Professor Judith Curry, head of climate science at the Georgia Institute of Technology in Atlanta, told The Daily Mail the leaked summary showed "the science is clearly not settled, and is in a state of flux".
The Wall Street Journal said the updated report, due out on September 27, would show "the temperature rise we can expect as a result of manmade emissions of carbon dioxide is lower than the IPCC thought in 2007".
The WSJ report said the change was small but "it is significant because it points to the very real possibility that, over the next several generations, the overall effect of climate change will be positive for humankind and the planet".
After several leaks and reports on how climate scientists would deal with a slowdown in the rate of average global surface temperatures over the past decade, the IPCC was last week forced to deny it had called for crisis talks.
"Contrary to the articles the IPCC is not holding any crisis meeting," it said in a statement.
The IPCC said more than 1800 comments had been received on the final draft of the "summary for policymakers" to be considered at a meeting in Stockholm before the release of the final report.

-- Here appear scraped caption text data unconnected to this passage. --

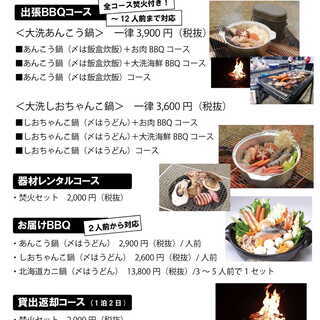 ＼新年会にソト鍋／新メニュー登場！【出張BBQ満福いばらき】 − 茨城県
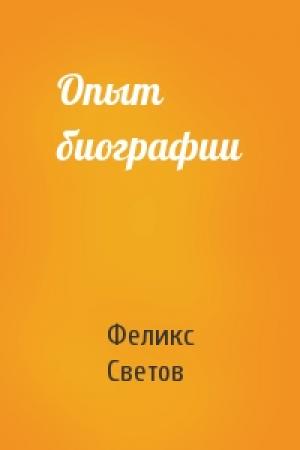 Обложка книги «Опыт биографии» — Феликс Светов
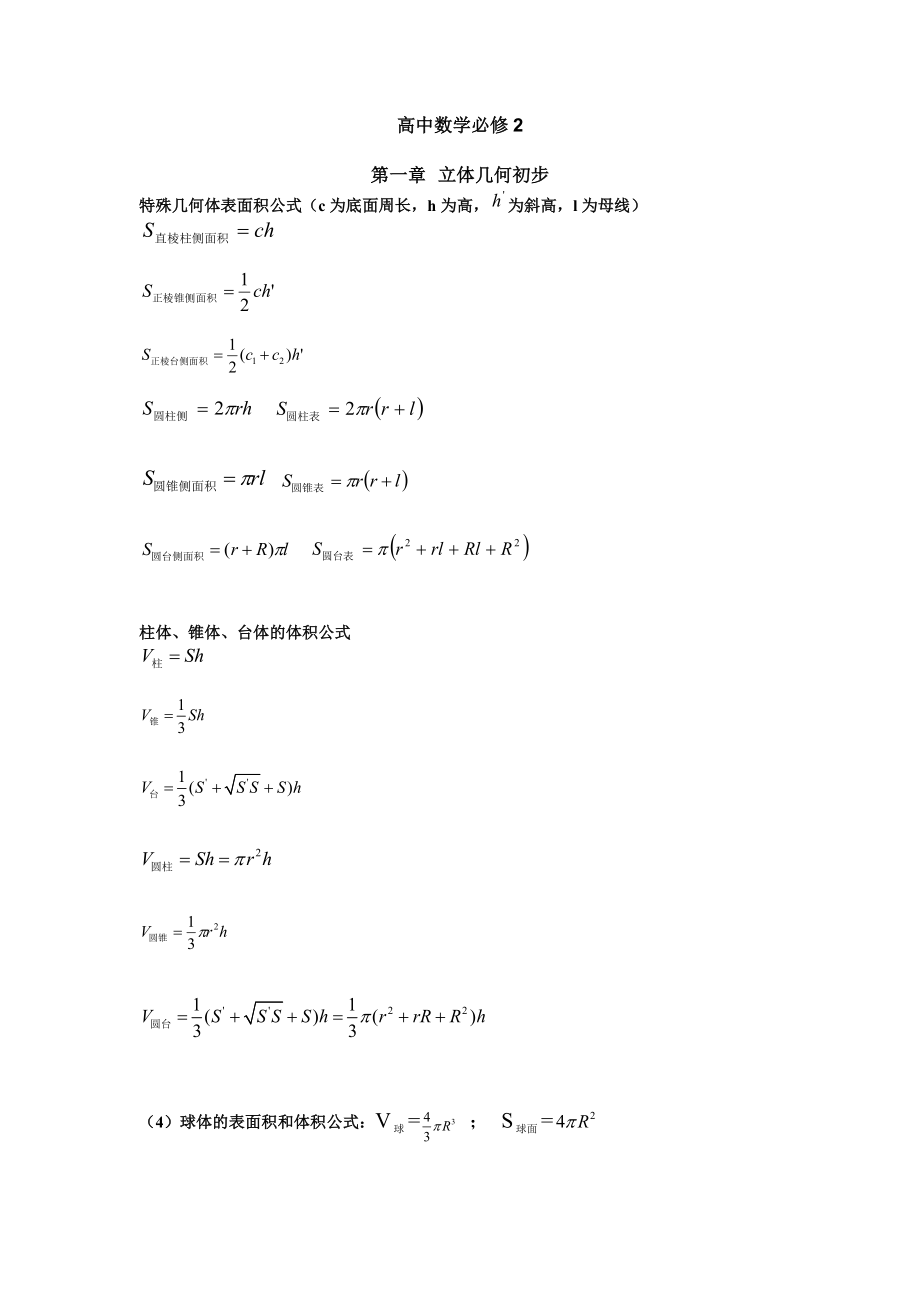 高中數(shù)學(xué)必修二 知識(shí)點(diǎn)總結(jié)_第1頁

It did not comment on the latest report, which said scientists accepted their forecast computers may have exaggerated the effect of increased carbon emissions on world temperatures and not taken enough notice of natural variability.
According to The Daily Mail, the draft report recognised the global warming "pause", with average temperatures not showing any statistically significant increase since 1997.
Scientists admitted large parts of the world had been as warm as they were now for decades at a time between 950 and 1250, centuries before the Industrial Revolution.
And, The Daily Mail said, a forecast in the 2007 report that hurricanes would become more intense had been dropped.
Writing in The Wall Street Journal, Matt Ridley said the draft report had revised downwards the "equilibrium climate sensitivity", a measure of eventual warming induced by a doubling of carbon dioxide in the atmosphere. It had also revised down the Transient Climate Response, the actual climate change expected from a doubling of atmospheric carbon dioxide about 70 years from now.
Ridley said most experts believed that warming of less than 2C from pre-industrial levels would result in no net economic and ecological damage. "Therefore, the new report is effectively saying (based on the middle of the range of the IPCC's emissions scenarios) that there is a better than 50-50 chance that by 2083 the benefits of climate change will still outweigh the harm," he said.